Per la seconda volta in pochi mesi la Corte costituzionale “salva” il carcere ostativo, rinviando gli atti ai giudici, stavolta di Perugia e Avellino, che avevano sollevato dubbi sulla costituzionalità delle norme che limitano l’accesso ai benefici penitenziari ai responsabili di gravi reati, non solo di mafia e terrorismo.
La ragione è che è intanto intervenuta una nuova legge alla luce della quale i magistrati dovranno valutare se le loro riserve sulla normativa hanno ancora ragion d’essere o siano state superate dalla disciplina entrata in vigore a ottobre dello scorso anno. Si tratta del primo decreto del governo Meloni, quello che ha introdotto tra l’altro il reato di rave party e che è intervenuto non solo sull’ergastolo ostativo ma su tutti i reati a cui si applica l’articolo 4 bis dell’ordinamento penitenziario.
Per lo stesso motivo a novembre la Consulta aveva rinviato gli atti alla Cassazione, che per prima aveva posto la questione di incostituzionalità, con riferimento specifico all’ergastolo ostativo, e la cui decisione è ora attesa per l’8 marzo prossimo.
Stavolta le questioni sollevate dal tribunale di sorveglianza di Perugia e dal magistrato di sorveglianza di Avellino riguardavano l’articolo 4-bis nella parte in cui, in caso di condanna per delitti diversi da quelli di contesto mafioso, ma pur sempre “ostativi”, non consente al detenuto che non abbia collaborato con la giustizia di essere ammesso alle misure alternative alla detenzione.

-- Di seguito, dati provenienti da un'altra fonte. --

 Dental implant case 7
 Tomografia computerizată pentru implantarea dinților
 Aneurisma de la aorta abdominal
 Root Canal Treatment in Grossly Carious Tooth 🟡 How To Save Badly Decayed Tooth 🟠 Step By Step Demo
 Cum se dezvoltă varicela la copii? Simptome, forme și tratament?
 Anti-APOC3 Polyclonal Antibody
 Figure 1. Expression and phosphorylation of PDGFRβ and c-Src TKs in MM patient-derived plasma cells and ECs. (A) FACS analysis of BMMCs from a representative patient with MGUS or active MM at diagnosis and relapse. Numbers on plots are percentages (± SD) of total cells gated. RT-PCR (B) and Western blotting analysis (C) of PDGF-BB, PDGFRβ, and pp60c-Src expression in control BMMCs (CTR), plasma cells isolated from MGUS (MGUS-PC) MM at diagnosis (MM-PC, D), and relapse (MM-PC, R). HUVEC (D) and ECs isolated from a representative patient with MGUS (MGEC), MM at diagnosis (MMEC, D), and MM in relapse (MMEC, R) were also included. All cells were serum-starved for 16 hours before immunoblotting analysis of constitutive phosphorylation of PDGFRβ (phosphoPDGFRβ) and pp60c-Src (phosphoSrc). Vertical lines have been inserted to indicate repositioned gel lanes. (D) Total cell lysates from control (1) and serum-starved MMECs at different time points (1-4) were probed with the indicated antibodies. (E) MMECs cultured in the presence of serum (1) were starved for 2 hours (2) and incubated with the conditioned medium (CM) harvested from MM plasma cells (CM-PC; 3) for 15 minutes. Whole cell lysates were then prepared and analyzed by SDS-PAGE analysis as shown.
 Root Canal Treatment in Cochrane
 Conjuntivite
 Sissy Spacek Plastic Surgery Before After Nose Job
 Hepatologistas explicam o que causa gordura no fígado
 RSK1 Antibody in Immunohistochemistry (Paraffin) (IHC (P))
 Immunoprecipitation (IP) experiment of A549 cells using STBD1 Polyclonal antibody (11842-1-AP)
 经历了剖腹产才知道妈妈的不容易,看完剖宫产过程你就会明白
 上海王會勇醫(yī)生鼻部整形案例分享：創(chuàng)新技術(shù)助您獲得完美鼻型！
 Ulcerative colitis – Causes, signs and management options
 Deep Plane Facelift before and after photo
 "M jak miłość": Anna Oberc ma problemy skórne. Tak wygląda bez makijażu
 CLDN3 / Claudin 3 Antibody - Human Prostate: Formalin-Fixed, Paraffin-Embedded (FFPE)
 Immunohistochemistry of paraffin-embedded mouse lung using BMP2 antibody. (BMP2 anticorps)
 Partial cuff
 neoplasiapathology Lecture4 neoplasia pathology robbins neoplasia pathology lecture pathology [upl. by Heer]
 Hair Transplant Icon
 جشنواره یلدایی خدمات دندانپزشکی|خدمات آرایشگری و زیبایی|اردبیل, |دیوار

Si trattava rispettivamente, nei due casi, della richiesta di accedere all’affidamento in prova al servizio sociale e alla semilibertà. In attesa del deposito dell’ordinanza, l’Ufficio comunicazione e stampa fa sapere che la Corte costituzionale ha deciso di restituire gli atti ai giudici “a seguito dell’entrata in vigore del decreto-legge”, convertito in legge a dicembre.
Perché “le nuove disposizioni incidono immediatamente sul nucleo essenziale delle questioni sollevate dalle ordinanze di rimessione, trasformando da assoluta in relativa la presunzione di pericolosità che impedisce la concessione dei benefici penitenziari e delle misure alternative alla detenzione a favore di tutti i condannati per reati cosiddetti ostativi, che non hanno collaborato con la giustizia”.
Tutti loro, sottolinea la nota, “sono ora ammessi a chiedere i benefici, sebbene in presenza di nuove, stringenti e concomitanti condizioni, diversificate a seconda dei reati che vengono in rilievo”. Di qui l’esigenza che i giudici valutino se c’è ancora materia del contendere.